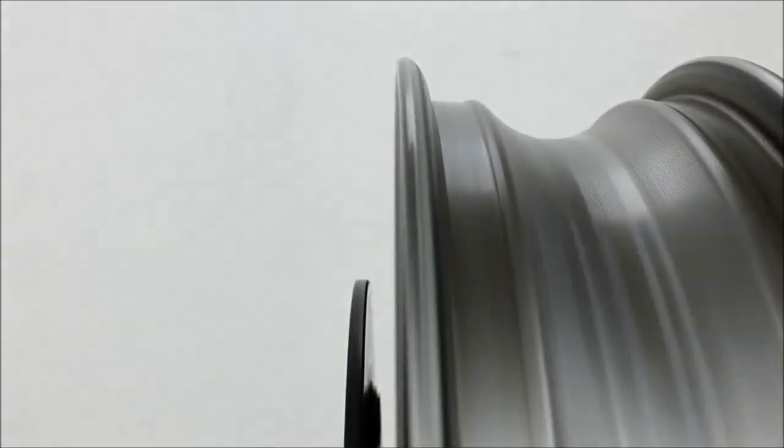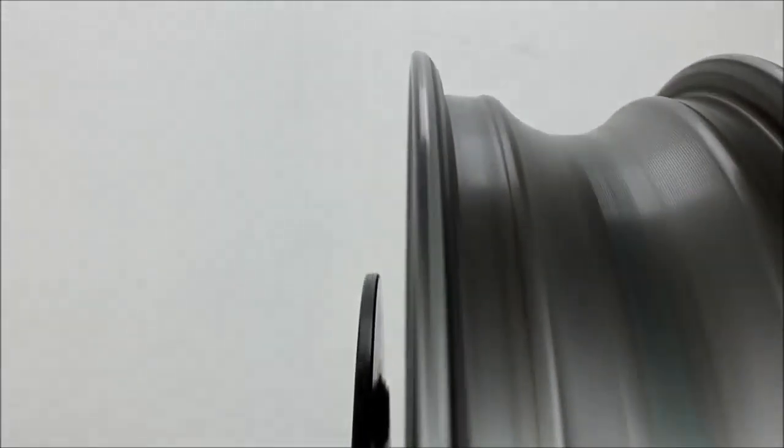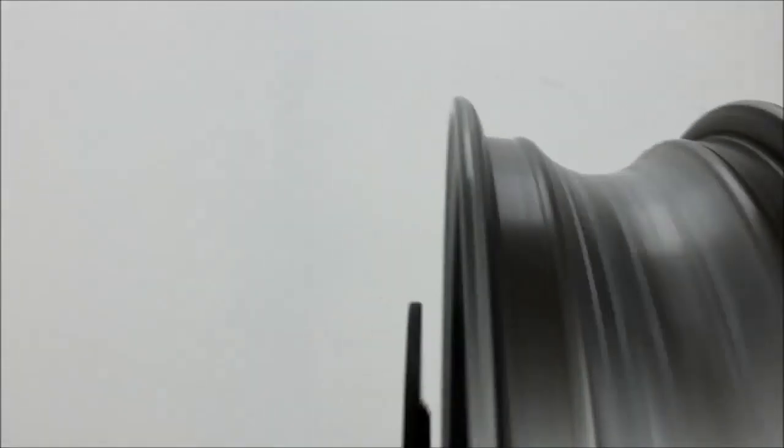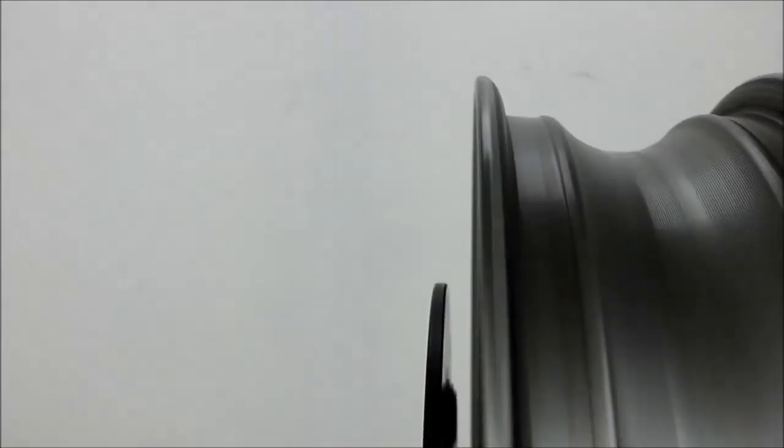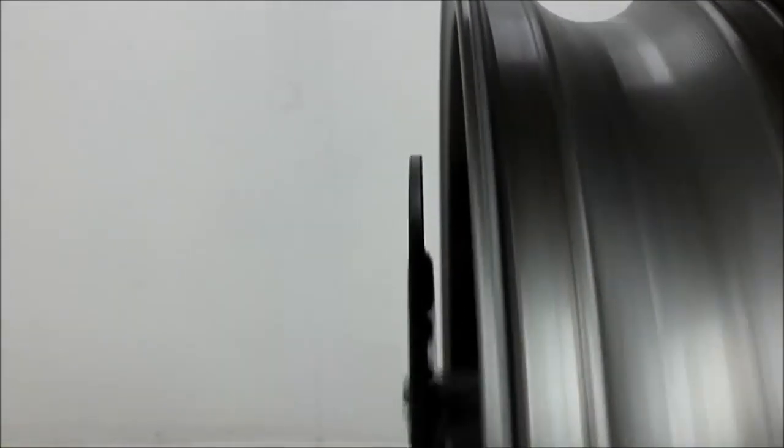For sale is the front wheel off of a 2011 Gixxer 750. There's a slight wobble in the rim, but the rotor spins straight.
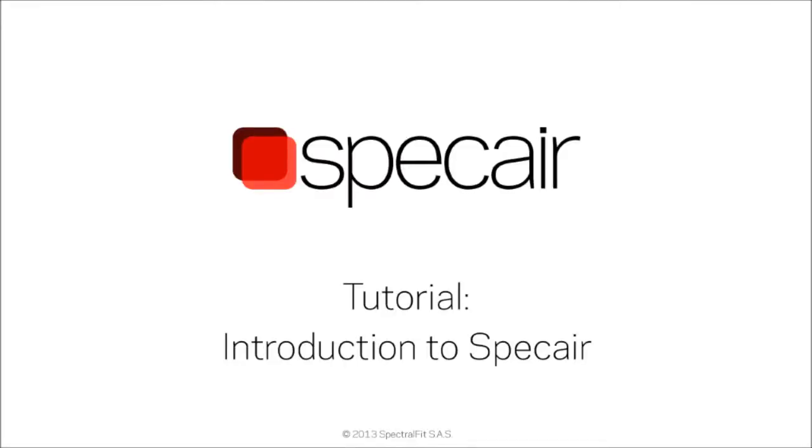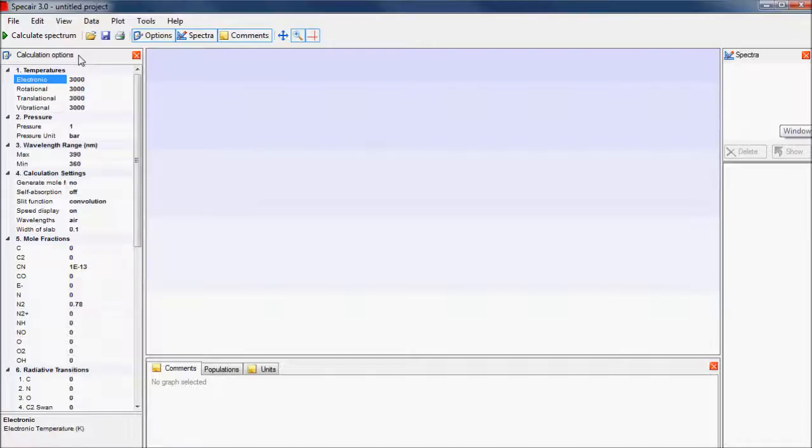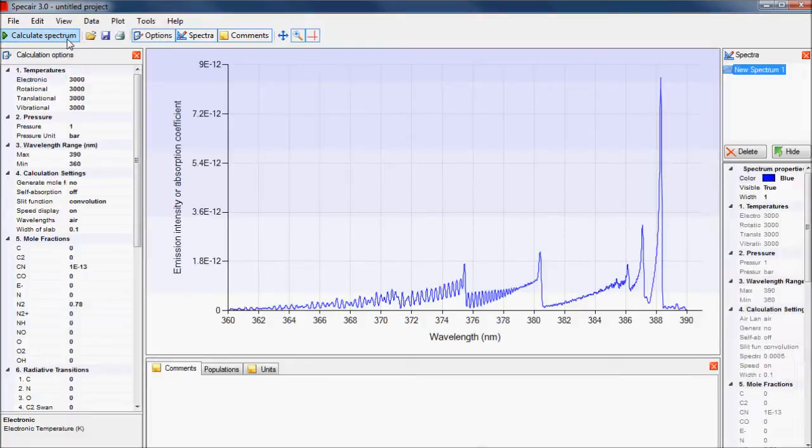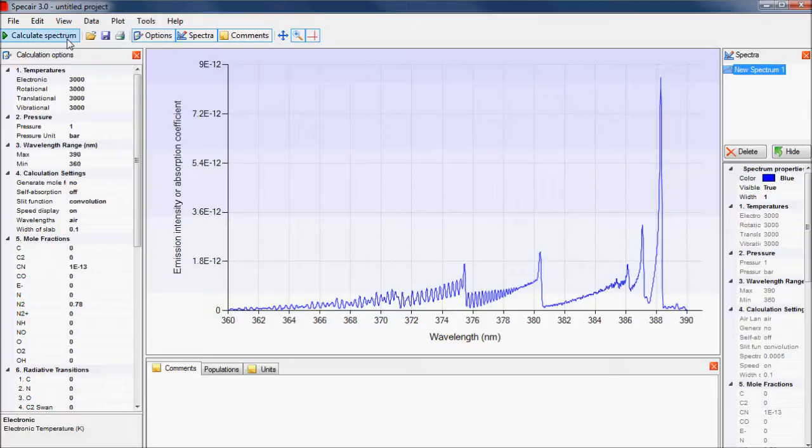This is an introduction to SpecAir, a leading software for analyzing plasma radiation. SpecAir lets you calculate an emission or absorption spectrum by simply clicking a button. Automatic optimizations to experimental spectra can be performed and are explained in other SpecAir tutorials available on the website.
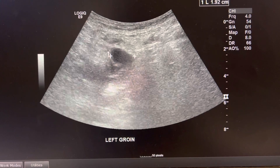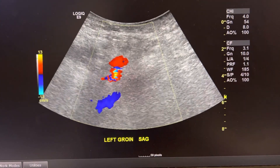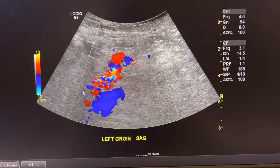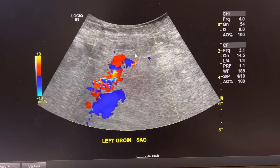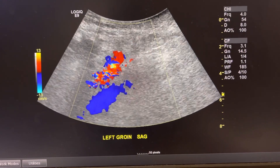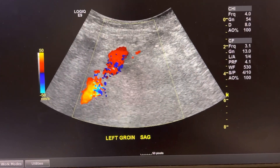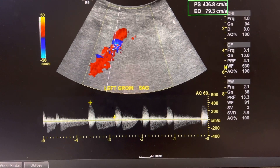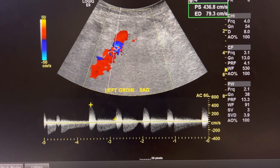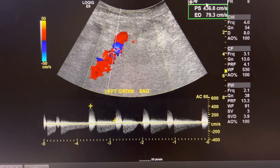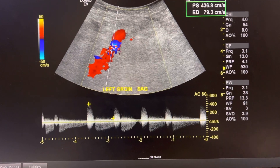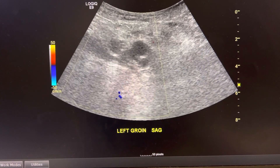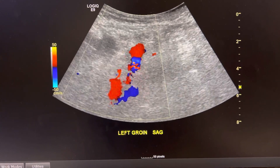I measured the pseudoaneurysm and took a picture of it in sagittal. This is the common femoral artery here connecting to the pseudoaneurysm. It's really hard because the patient is in a lot of pain and is super swollen, but you can see that the velocities are really high and elevated. Here's another live cine in sag.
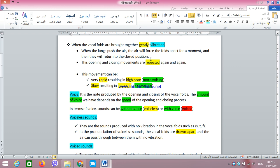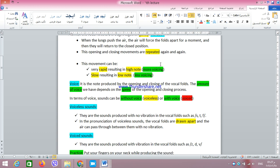Suppose that the vocal folds are just like the two parts of a window, and you are opening and closing the window — keeping them closed for a moment, then open, open and close, open and close. This is exactly what happens when the vocal folds are brought together gently, not tightly. Because when they are tightly together, the air will not pass. The air will force the vocal folds apart, then they come back to a closed position — opening and closing, opening and closing.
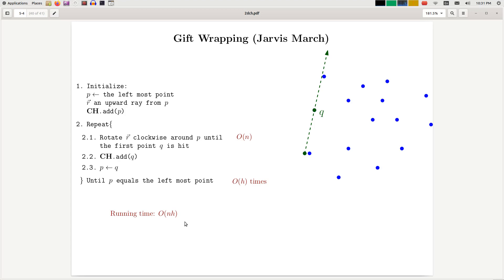Just have this in mind. So far we have seen two categories of algorithms, n log n algorithms and n times h algorithms. And next week we're going to look at another exciting convex hull.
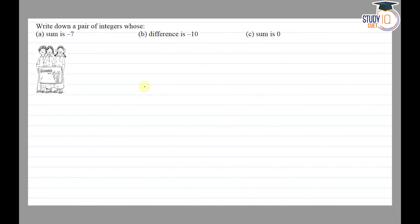Hello everyone. This question appears in Class 7th NCERT chapter of integers. This is the first question of Exercise 1.2. The question says: write down a pair of integers whose sum is -7.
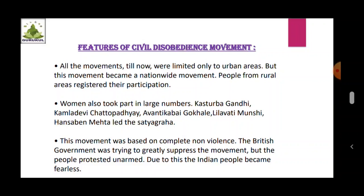Women like Kasturba Gandhi, Kamala Devi Chattopadhyay, Avantika Bai Gokhale, Lilavati Munshi and Hansa Ben Mehta led the Satyagraha. This movement was based on complete non-violence. The British government tried to greatly suppress the movement, but the people protested unarmed. Due to this, the Indian people became fearless.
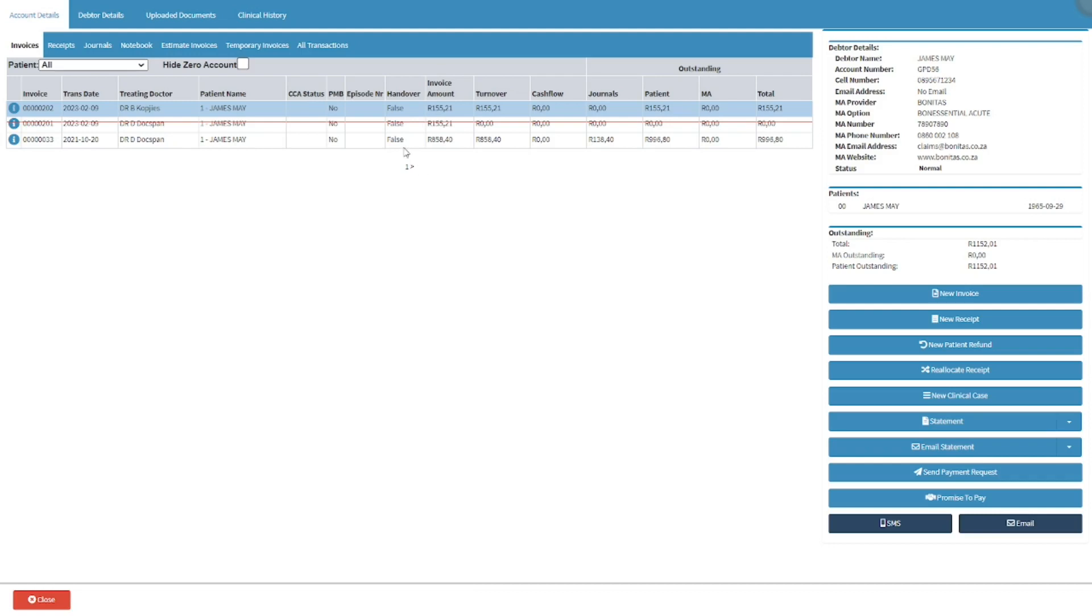Once the new invoice has been posted, the original invoice will be struck through with a red line, indicating that the old invoice has been credited.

---+---

- **Activity**: From the line that contains "Women like Kasturba" through the last line of the entries, transcribe every line exactly, leaving out the pictures.

- **Output for this task**:
Women like Kasturba Gandhi, Kamala Devi Chattopadhyay, Avantika Bai Gokhale, Lilavati Munshi and Hansa Ben Mehta led the Satyagraha. This movement was based on complete non-violence. The British government tried to greatly suppress the movement, but the people protested unarmed. Due to this, the Indian people became fearless.
Once the new invoice has been posted, the original invoice will be struck through with a red line, indicating that the old invoice has been credited.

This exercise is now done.